How do people approach ICTS?

Attitudes toward ICTs are overwhelmingly positive: When I visited to conduct this research project, two of the town's main roads had been dug up to lay new pipes and cables. This work had a huge effect on lives of people in the town, but the temporary inconvenience of the project was accepted as a fair price for development. Even local restaurant owners whose business was reduced because people could no longer sit outside the restaurants to eat dinner were positive that the results of the project would be worth the inconvenience caused; this way of thinking can also be seen as a reflection of people's attitudes toward China's rapid development more generally.

Both physical and virtual connectivity has hugely increased in the town in the past ten years due to major infrastructure investments. Talking about the effects of the Internet on the lives of townspeople, one local teacher said that ten years ago everyone wanted to move out of small towns into the cities but now living in the countryside could be even better than in cities as information travels rapidly throughout China via the Internet, and improved roads and public transport mean that it is easy to travel to the city.

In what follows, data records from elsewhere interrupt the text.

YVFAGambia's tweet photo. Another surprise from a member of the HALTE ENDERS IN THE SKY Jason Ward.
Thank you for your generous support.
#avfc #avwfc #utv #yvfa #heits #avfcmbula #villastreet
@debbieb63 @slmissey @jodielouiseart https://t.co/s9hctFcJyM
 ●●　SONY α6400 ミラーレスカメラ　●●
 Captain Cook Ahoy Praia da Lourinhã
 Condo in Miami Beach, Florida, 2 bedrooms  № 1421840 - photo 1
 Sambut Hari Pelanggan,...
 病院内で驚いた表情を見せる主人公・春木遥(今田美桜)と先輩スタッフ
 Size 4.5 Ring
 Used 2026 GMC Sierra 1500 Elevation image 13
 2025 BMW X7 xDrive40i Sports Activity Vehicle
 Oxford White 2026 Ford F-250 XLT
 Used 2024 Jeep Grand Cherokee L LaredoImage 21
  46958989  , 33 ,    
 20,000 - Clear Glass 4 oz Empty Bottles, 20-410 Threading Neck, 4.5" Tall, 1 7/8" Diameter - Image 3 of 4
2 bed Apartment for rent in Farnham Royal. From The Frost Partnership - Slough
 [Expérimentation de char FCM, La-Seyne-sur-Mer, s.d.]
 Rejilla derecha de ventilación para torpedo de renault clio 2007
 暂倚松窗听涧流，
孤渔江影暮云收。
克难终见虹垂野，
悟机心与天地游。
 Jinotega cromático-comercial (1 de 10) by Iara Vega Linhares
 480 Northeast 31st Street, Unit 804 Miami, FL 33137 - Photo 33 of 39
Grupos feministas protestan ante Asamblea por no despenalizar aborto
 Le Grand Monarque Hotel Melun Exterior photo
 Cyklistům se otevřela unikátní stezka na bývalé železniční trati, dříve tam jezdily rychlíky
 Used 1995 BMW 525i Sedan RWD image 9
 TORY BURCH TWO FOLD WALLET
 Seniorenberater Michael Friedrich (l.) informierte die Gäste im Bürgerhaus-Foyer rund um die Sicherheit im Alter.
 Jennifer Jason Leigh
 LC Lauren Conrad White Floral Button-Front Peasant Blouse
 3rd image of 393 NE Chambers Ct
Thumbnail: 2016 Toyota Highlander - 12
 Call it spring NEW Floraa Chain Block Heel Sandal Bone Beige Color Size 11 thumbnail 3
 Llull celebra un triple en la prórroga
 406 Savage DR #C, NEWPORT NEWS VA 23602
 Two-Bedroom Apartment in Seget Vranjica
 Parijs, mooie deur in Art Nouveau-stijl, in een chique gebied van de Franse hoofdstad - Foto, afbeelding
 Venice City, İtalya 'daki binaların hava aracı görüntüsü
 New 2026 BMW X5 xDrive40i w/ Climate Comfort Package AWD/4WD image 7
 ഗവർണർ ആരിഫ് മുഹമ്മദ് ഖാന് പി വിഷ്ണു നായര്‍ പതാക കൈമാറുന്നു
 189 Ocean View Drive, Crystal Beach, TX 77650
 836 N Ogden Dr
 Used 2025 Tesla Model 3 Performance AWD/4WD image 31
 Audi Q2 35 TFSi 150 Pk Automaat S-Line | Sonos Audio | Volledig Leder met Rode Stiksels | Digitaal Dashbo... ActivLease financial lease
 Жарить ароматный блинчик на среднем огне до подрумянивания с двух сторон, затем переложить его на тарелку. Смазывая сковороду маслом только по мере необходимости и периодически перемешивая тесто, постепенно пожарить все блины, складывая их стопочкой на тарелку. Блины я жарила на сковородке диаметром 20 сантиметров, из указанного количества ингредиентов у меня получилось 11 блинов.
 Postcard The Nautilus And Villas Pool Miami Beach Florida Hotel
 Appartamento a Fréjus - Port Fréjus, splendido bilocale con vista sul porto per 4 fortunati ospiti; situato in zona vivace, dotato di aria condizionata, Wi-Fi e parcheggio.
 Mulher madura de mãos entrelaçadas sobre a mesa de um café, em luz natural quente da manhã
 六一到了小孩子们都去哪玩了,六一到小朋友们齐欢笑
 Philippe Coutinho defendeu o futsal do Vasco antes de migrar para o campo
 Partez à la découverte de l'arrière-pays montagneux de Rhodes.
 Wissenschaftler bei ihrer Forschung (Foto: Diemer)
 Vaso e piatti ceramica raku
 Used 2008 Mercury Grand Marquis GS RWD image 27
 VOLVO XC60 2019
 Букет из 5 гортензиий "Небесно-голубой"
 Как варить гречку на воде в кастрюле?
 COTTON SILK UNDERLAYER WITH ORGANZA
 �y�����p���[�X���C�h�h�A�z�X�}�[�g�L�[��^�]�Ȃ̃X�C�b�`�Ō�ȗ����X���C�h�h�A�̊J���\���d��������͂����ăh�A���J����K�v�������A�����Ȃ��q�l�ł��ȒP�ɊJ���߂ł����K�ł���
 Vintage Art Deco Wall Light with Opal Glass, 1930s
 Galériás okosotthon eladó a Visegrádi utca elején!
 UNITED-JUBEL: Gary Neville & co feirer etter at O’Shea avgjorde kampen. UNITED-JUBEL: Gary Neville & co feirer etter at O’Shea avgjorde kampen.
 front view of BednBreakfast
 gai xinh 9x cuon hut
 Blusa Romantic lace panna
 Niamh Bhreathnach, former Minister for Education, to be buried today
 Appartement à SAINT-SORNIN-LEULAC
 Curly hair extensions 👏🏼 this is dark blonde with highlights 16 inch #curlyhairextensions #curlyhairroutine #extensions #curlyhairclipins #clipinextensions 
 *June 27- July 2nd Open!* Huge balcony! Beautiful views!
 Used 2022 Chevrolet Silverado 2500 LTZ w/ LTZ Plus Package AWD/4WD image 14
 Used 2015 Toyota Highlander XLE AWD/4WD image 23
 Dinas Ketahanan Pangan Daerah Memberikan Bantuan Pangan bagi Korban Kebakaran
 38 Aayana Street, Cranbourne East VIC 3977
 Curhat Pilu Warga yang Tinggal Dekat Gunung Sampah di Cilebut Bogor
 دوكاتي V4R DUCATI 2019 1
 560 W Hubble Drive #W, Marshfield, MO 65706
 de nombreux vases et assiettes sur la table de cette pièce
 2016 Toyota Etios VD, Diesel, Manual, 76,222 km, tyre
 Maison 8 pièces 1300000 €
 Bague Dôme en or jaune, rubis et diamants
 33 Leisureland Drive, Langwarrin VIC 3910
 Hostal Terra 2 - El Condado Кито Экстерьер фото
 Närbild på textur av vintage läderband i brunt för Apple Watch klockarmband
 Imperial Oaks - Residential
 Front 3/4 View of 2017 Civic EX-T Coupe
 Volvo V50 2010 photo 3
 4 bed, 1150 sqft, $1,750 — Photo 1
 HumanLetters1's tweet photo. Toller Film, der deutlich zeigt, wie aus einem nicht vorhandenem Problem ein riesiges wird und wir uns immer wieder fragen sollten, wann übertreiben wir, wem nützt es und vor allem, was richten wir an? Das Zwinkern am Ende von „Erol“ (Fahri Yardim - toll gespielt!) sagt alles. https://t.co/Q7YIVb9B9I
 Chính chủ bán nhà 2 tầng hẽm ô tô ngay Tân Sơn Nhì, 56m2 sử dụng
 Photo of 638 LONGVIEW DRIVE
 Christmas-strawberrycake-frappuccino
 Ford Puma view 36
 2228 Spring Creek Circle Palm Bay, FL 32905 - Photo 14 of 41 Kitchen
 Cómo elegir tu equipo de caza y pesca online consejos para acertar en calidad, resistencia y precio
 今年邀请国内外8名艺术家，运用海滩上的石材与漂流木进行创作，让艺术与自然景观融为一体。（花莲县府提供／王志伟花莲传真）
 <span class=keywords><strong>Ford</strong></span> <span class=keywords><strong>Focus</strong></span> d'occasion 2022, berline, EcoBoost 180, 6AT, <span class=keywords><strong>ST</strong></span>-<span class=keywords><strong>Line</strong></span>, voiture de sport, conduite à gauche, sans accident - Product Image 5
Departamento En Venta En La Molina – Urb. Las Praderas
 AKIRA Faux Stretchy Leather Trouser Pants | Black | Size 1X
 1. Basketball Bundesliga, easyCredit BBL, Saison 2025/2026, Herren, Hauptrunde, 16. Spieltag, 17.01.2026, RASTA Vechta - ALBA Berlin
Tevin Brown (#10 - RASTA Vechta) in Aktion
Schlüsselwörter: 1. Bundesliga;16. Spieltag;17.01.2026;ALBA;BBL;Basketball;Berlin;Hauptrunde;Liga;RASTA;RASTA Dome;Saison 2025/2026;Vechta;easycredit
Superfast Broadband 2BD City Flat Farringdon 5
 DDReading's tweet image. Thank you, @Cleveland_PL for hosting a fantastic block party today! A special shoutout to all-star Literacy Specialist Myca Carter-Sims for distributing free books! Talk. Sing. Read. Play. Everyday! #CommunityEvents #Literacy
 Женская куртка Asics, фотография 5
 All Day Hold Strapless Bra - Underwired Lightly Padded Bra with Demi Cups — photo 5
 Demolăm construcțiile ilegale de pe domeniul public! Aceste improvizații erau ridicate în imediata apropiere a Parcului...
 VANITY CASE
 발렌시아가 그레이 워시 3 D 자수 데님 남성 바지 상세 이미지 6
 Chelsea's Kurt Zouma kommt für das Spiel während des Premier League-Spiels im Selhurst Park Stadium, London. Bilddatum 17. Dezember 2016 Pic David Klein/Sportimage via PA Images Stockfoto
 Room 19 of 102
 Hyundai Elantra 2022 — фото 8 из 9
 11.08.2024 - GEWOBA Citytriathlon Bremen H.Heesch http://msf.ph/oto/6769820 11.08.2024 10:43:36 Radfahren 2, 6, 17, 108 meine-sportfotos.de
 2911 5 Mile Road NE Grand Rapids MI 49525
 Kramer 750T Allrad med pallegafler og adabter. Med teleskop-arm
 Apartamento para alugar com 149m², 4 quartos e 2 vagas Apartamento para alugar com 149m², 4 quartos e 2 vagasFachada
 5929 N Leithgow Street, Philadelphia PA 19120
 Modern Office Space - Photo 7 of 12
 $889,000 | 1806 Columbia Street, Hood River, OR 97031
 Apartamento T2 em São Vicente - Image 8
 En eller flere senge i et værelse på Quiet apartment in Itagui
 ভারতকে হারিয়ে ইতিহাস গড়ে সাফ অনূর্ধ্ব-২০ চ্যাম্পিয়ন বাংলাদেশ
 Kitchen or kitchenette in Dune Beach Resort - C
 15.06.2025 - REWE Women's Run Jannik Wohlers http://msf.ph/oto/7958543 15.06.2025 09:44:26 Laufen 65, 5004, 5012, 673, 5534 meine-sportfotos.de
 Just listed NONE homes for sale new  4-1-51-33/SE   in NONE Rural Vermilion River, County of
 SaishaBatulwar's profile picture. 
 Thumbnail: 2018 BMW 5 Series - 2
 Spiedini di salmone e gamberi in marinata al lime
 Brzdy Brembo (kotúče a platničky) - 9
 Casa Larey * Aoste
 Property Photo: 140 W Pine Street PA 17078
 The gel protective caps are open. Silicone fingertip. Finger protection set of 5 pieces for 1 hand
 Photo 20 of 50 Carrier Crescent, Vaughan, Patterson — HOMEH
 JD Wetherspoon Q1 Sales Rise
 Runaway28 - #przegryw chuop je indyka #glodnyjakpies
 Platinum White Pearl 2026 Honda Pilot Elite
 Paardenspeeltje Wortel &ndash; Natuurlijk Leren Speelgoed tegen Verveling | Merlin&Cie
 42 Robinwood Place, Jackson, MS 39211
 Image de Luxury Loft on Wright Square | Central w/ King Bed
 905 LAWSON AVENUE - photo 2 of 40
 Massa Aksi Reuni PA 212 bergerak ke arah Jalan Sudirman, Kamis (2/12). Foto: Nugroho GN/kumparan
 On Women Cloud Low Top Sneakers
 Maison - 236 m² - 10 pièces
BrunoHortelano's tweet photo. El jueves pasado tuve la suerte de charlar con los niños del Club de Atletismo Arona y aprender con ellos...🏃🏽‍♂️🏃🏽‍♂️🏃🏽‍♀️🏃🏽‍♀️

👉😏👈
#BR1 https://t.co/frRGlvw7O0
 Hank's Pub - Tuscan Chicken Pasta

There is a strong domestic discourse of China as a developing country. This discourse means that problems associated with development, such as these road works, are accepted as part of hope for a better future. ICTs are generally seen as overwhelmingly positive and several people expressed the idea that the problems associated with these technologies (such as their effects on children's studies and social relations) are seen as something that will normalize as the technology becomes domesticated.[1]